The name of the village is twinned with the Great English Game. The Gray-Nicholls factory has been making cricket bats here for more than a century, created from the finest willow grown at both local plantations and those further afield and hand-finished by the craftsmen at the rate of about 150 a day.
Some of the great names of cricket have wielded a GrayNicholls down the years, with England captain David Gower a more recent customer. The towering former Sussex and England captain Tony Greig took advantage of the factory’s individual attention by having an extra long bat custom-made for him.
Stoolball, a game almost exclusive to Sussex, is also catered for here by the manufacture of the round willow bats. The business moved in recent years to a site once occupied by another of the industries of the village – the toy factory where wooden playthings were made.
The Seven Stars at Robertsbridge has many claims on our attention. Built in 1194, it is reputed to be the oldest pub in the county, to have the longest curving bar counter (22 ft) and to have the largest single timber beam in Sussex (taken from the bottom of a ship).
It was a hostelry for the monks when they were building Robertsbridge Abbey and became an inn in 1380. It was here that the Abbot of Robertsbridge came to negotiate a deal for the release of King Richard the Lionheart, imprisoned in Austria, and later a tiny room at the inn is reputed to have been the hiding place of Charles II when Cromwell’s Roundheads were on his tail, though that particular monarch seems to have had hidey-holes the length and breadth of the county! There are ghosts, of course; a monk in a red cloak who wanders the passageways, and a poltergeist who throws loaves of bread around the kitchen but who has quietened down considerably since being threatened by the landlady with exorcism.
Nothing much remains of the once noble abbey, just a few bits of refectory wall and various undercrofts which form part of the buildings of Abbey Farm, a private home. Although the abbey was not notorious, as were some other monastic houses, for laxity of morals and religion, instances are recorded illustrating that the monks did not always keep to the straight and narrow path. A royal pardon dated 17 July 1436 acquits the Abbot not only of all infringements of the statute law of which an upright man might unintentionally be guilty but also of all kinds of robberies, murders, rapes of women, rebellions, insurrections, felonies, conspiracies’ etc, provided they were committed prior to September 2nd in the 10th year of Henry VI. It makes you wonder just what did go on at the old building.

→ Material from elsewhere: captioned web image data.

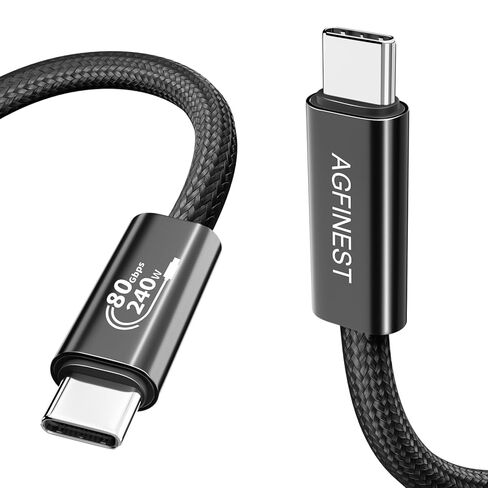 كابل USB 4 لكابل Thunderbolt 5 بطول 3.94 قدم، مزامنة بيانات 80 جيجابت في الثانية حتى 120 جيجابت في الثانية لتعزيز عرض النطاق الترددي، شحن سريع 240 وات، كابل USB C Thunderbolt 4 8K/6K/5K@60 هرتز متوافق مع MacBook iPhone16 iPad Docking SSD in Kuwait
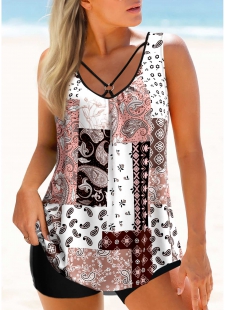 Pink Tribal Print Ring Detail Tankini Top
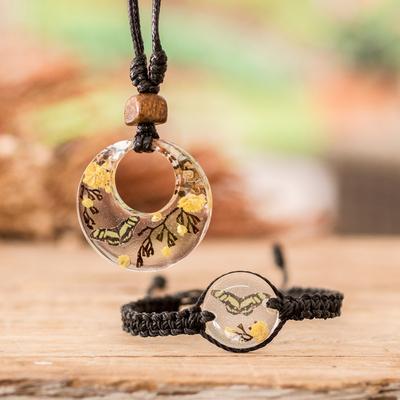 Butterfly Space,'Set of Resin Yellow Butterfly Necklace and Macrame Bracelet'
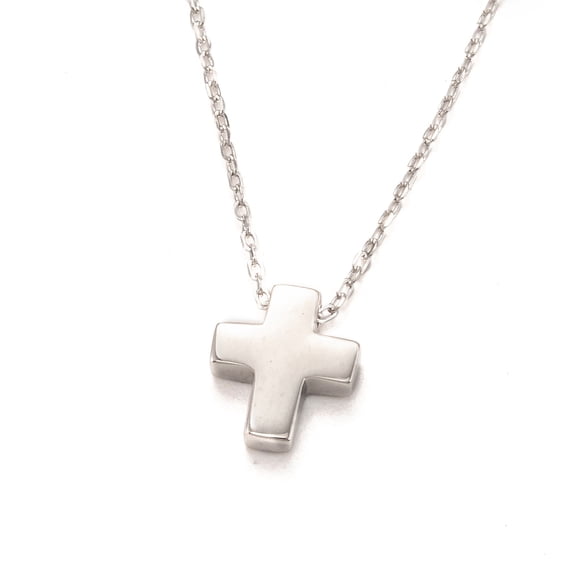 1 pc Anti-Tarnish Rhodium Plated 925 Sterling Silver Pendant Necklaces with Spring Ring Clasps Cross Platinum 15-7/8 inch(40.3cm) Sterling Silver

The foundation stone of the Church Mission Room in the village was one of the bosses of the abbey roof. It seems to have been used as a common quarry after the Dissolution.
In the 13th century the King granted the Abbey the privilege of holding a fair from September 14 to 16 and a market on Mondays. The village once boasted two sites for these revelries, Upperfairfield and Le Bullocks fayrefield. Fairs continued to be held here until the middle of the 20th century, though the market had degenerated into a small fortnightly agricultural sale a hundred years before.
Robertsbridge is the village, but the tiny settlement of Salehurst half a mile away across the river Rother gives its name to the parish. In the stylish church, built of Hastings sandstone, is a 12th century font with a chain of salamanders (the emblem of a Crusader) crawling around the base of the shaft. It is claimed that Richard I gave the font to the church, though no real proof exists. Could it have been as a mark of gratitude to the Abbot for the part he played in securing the King’s release?
The village used to be Rotherbridge, for obvious reasons, and a grim place Horace Walpole found it in 1752 when he paid a brief visit to this ‘wretched village’ over roads that grew bad beyond all badness.’ He wrote in a letter of his arrival with a travelling friend: “We had still six miles hither, but determined to stop as it would be a pity to break our necks before we had seen all we intended. But, alas! there was only one bed to be had: all the rest were inhabited by smugglers, whom the people of the house called mountebanks, and with one of whom the lady of the den told Mr Chute he might lie.’ The travellers made their excuses and left.
The village fought long, hard and successfully to have a bypass to rid the pretty main street of the nerve-jarring stream of traffic on the A21, though a more peaceful road is the lane that leads to Brightling. At Darvell, once a TB sanitorium, is the headquarters of the Hutterian Society of Brothers, a community of men, women and children who hold everything in common and use no currency. Some 200 people live there, making wooden play equipment in the commune’s workshop the income from which pays for their simple way of life. It has its own school and most of the clothes worn by the residents are made on the premises.